Andrew Freeman's Perspectives on Arabic Diglossia

Dec. 9, 1996

No discussion of Arabic is complete without at least a cursory discussion of diglossia. Charles Ferguson is credited with first using the term diglossia in an article which he wrote in 1959 called Diglossia. He identified four languages, Arabic, Greek, Haitian Creole and Swiss German as being prime examples of languages which fit into his definition of diglossia. Very simply stated, he said that diglossic speech communities have a High variety that is very prestigious and a Low variety with no official status which are in complementary distribution with each other, for instance the High variety might be used for literary discourse and the Low variety for ordinary conversation. His original definition of diglossia was that the two varieties which are in a diglossic relationship with each other are closely related, and therefore diglossia is not bilingualism. In his defining examples he points out that the High variety is always an acquired form, and that some educated native speakers might even deny that they ever use the Low variety. An important component of diglossia is that the speakers have the personal perception that the High variety is the "real" language and that the Low variety is "incorrect" usage. In Arabic people talk about the High variety as being "pure" Arabic and the dialects as being corrupt forms.

Since that time much has been written about diglossia. Charles Ferguson himself has commented on the weaknesses of his original article in Diglossia Revisited. (1991. The Southwest Journal Linguistics). For the most part he re-endorses his original article, but he does criticize his lack of clarity on specifying that his definition for diglossia was putative, and that the point of his original article had been to point at a phenomenon that was not well understood hoping that it would receive more attention. In the current context I feel the need to offer a coherent explanation and a proposed model for how diglossia works in Arabic. The written language was first systematically codified in the 8th century CE. The Qur'aan and the pre-Islamic poetry were the primary sources of the prescriptive standard for the written language, which has since that time been held in the highest regard by the entire Muslim community as the language of the Qur'aan and the language that the angels in heaven speak. There is some evidence that diglossia existed at that time, since this codification of the language was motivated by a desire to have recent converts to Islam learn the correct language, rather than the "corrupted" urban varieties of Baghdad and Damascus. This standard language has not changed in terms of syntax and morphology since that time. There has been a gradual shift in the lexicon so that I can't read the Sufi texts or histories from the 9th century without a special dictionary, but I can read witty entertainments or histories dating from about the 12th century on. A large body of literature has been written in this language. It is interesting to note that for a period of time Arabic was the language of scientific discourse, much like English is today. In another parallel to the current situation with English, a lot of what was written was not composed by native speakers. This codified language remains the highest standard of the language basically unchanged to this day. Conversely, the spoken language has had no official status, and the various dialects have continued to evolve since the 8th century with no attempt to form a standard.
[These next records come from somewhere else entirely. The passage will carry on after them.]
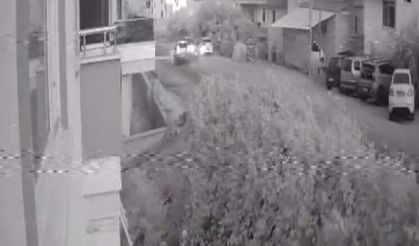 Alanya'da otomobil ile kamyonet çarpıştı: 2 yaralı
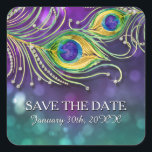 Sticker Carré Peacock Mariage Bijoux Plumes Bokeh<br><div class="desc">Correspondance Enregistrer les scellés ou les autocollants de l'enveloppe de date. Vous voulez un Faire-part de mariage élégant et festif Peacock Feather Themes Party qui est classe et belle? Cette conception est faite de plumes de paon aquarellées à la main, ornées de bijoux en diamant dessinés graphiquement (NOTA : il...</div>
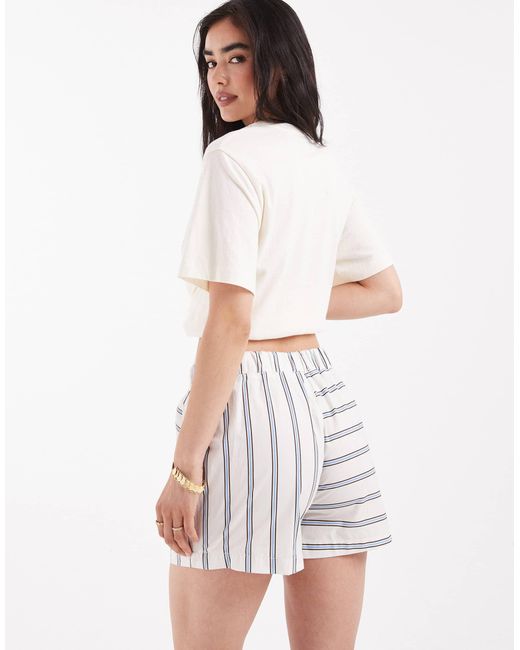 ASOS White – boxershorts aus baumwoll-popeline mit multidirektionalen kontraststreifen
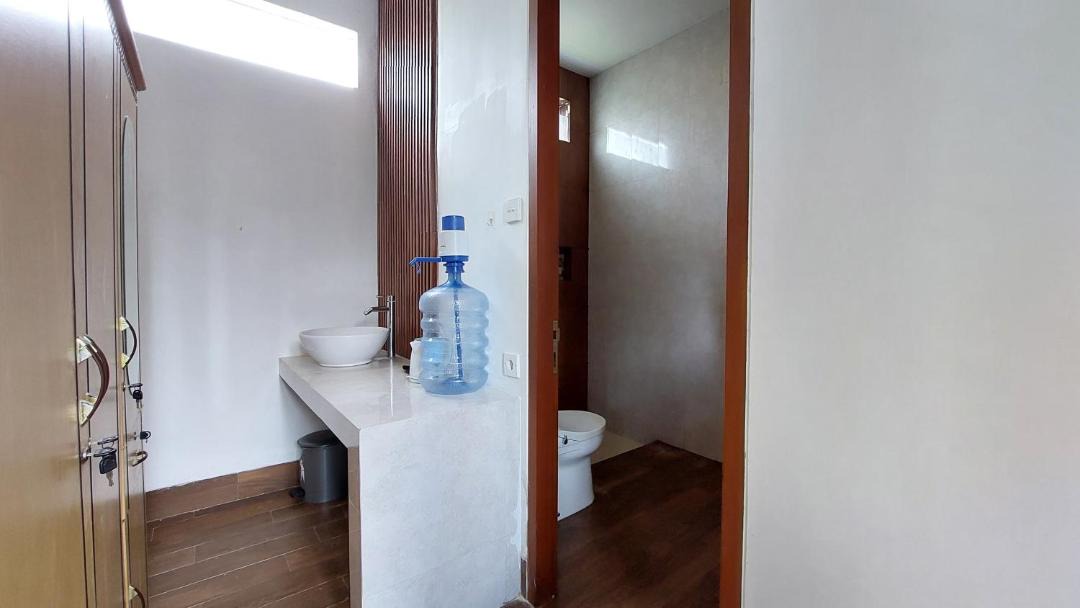 Photo of Bathroom in Kedewatan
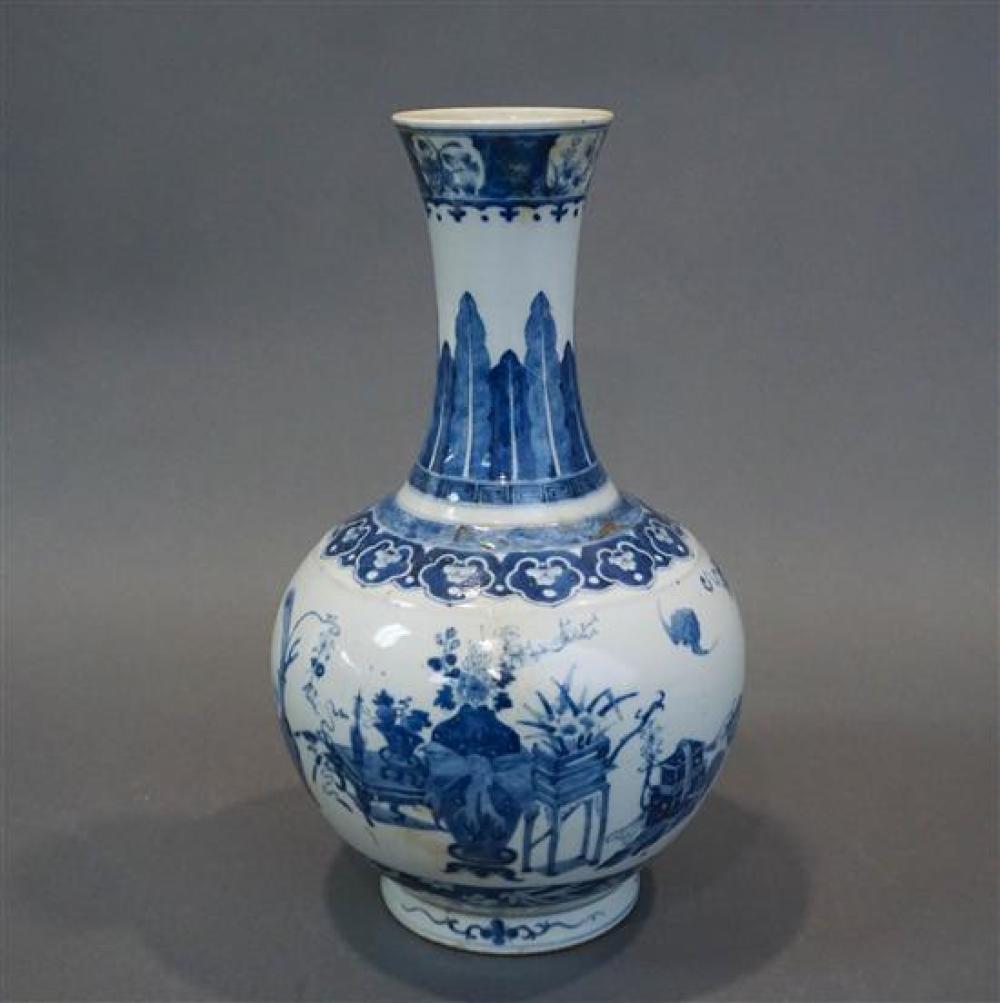 CHINESE BLUE AND WHITE PORCELAIN 31fbd5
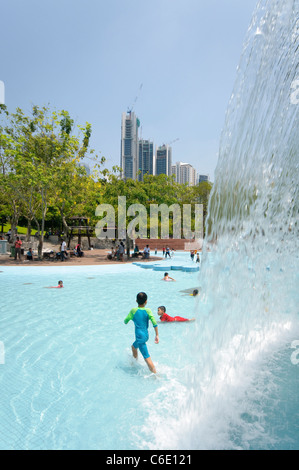 Swimming Pool In Klcc Park At The Petronas Twin Towers In Front Of Office Buildings Kuala Lumpur Malaysia Southeast Asia Stock Photo Alamy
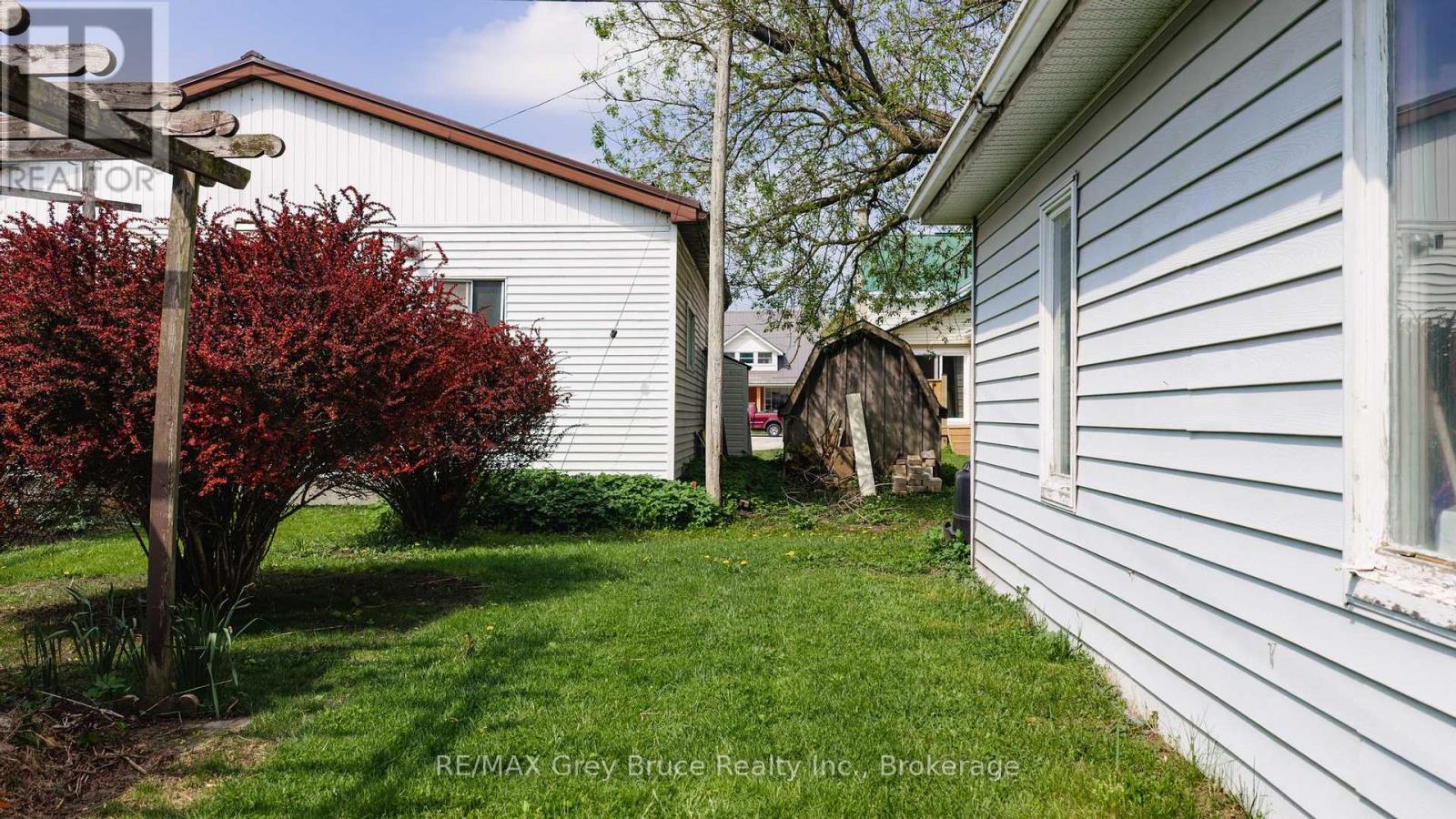 236 2ND AVENUE S - 14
When the split between the dialects and Literary Arabic occured is subject to debate. The prevailing view is that put forth by Ferguson in 1959 in an article entitled The Arabic KoinŽ in which he posited that all of the dialects existing outside of the Arabian peninsula had as their common source a variety spoken in the military camps at the time of the Islamic expansion in the middle of the 7th century and that this variety was already very distinct from the language of the Qur'an. In other words the dialects are not corrupt forms, but instead have had a separate existence from the Classical language for as long as they have existed outside of the Arabian peninsula.

It should also be noted that even the codified Classical Arabic has a large amount of inherent variability. Most nouns have more than one allowable broken plural. There are many synonyms for even the most common vocabulary items, and some verbs have meanings that shift drastically according to the nouns and prepositions with which they are used. One explanation for this is that the Classical language that was used for the Qur'an was a special form of the language common to all of the tribes that existed in the Arabian peninsula at the time of the prophet that had previously only been used in the traditional poetry. The age of this form is not known, but it was a conglomeration that had existed for some time and was not representative of any single dialect or any one era.

From the 15th century on, most of the Arabic speaking world was under foreign domination, either Ottoman or European. The Ottomans produced all of their official documents in Turkish and their religious documents in Arabic. The French in Algeria, between 1830 and 1962, tried to actively suppress Arabic. The British in Egypt at one point tried to make the Egyptian dialect the official language. Literary Arabic stagnated during the Ottoman and colonial period.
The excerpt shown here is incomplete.